2009-02-23

Paragon Pundit Hero Movie Review #9


Paragon Pundit Hero Movie Review
#9: Batman and Robin

There have been many that have wanted and tried to kill Batman. The Penguin, Joker, Two-Face, Bane, Ra's al Ghul, various parents groups… but the honor of killing the Caped Crusader has always been reserved for the gods. No, not just demigods like Darkseid. We’re talking writers like Grant Morrison and John Byrne, editors like Dan DiDio, and a certain movie director name Joel Schumacher. And of those that managed to kill off Batman, it is Schumacher that earns the most notoriety, because he did it from the inside-out.

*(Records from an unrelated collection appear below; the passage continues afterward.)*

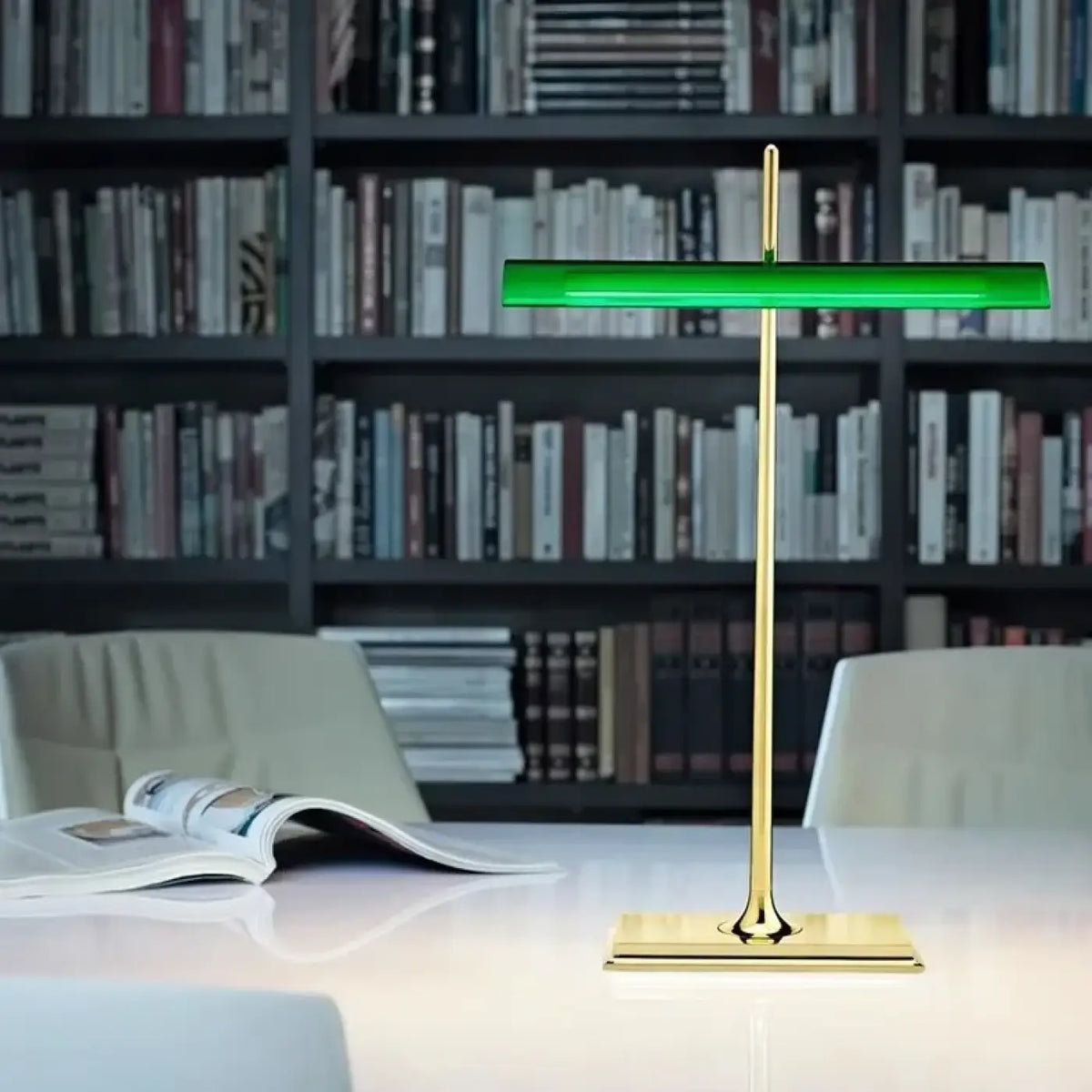 Lampe à poser abat-jour façon vitrail, base chromée, vert ou noir
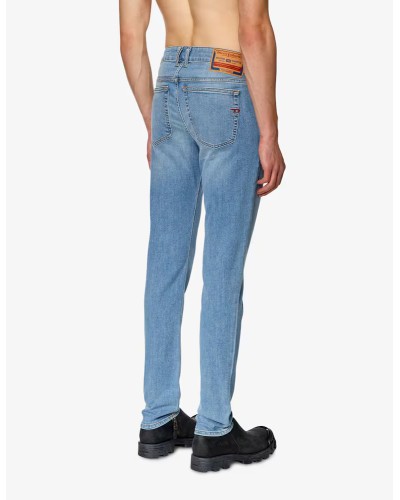 Jeans 5 pockets DIESEL 1979 SLEENKER L.30 Man
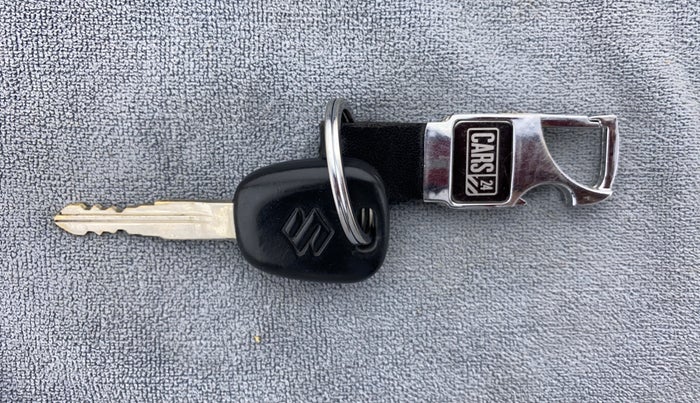 2018 Maruti Swift LXI D, Petrol, Manual, 32,633 km, Key Close Up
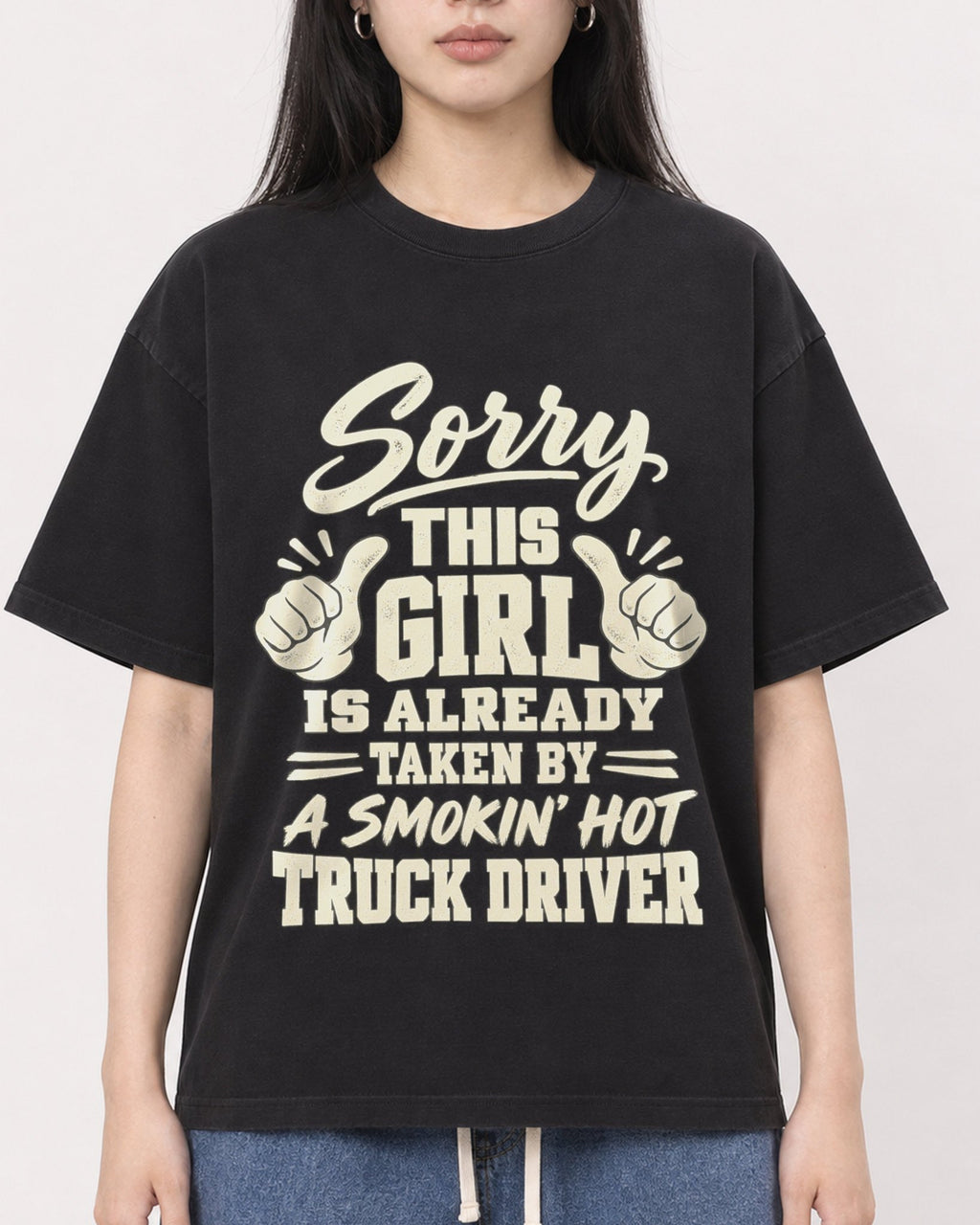 Mockup Boxy Heavyweight Tee Black female close-up 01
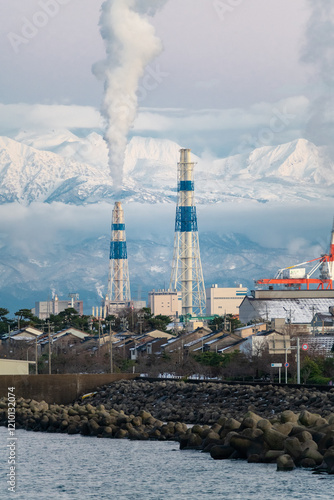 Obraz na płótnie 富山新港火力発電所と立山連峰 w salonie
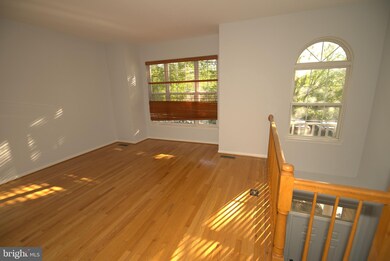 2509 James Madison Cir, Herndon, VA 20171 - photo 4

“Batman and Robin” is the fourth and final film in the Tim Burton-inspired movie series. It was released by Warner Brothers in 1997 and starred George Clooney, Chris O’Donnell, Arnold Schwarzenegger, Uma Thurman, Alicia Silverstone, Michael Gough, and Jeep Swenson. Guest appearances include John Glover, Elle Macpherson, Elizabeth Sanders, Jesse Ventura, Coolio, Pat Hingle, Vivica A. Fox, and Vendela Kirsebom.

At this point, of all of the people involved with the Burton series, only Gough and Hingle remain in their roles as Alfred and Commissioner Gordon. There is nothing else left of the original 1989 Batman movie. The cowl has once again been passed to a new leading male, George Clooney.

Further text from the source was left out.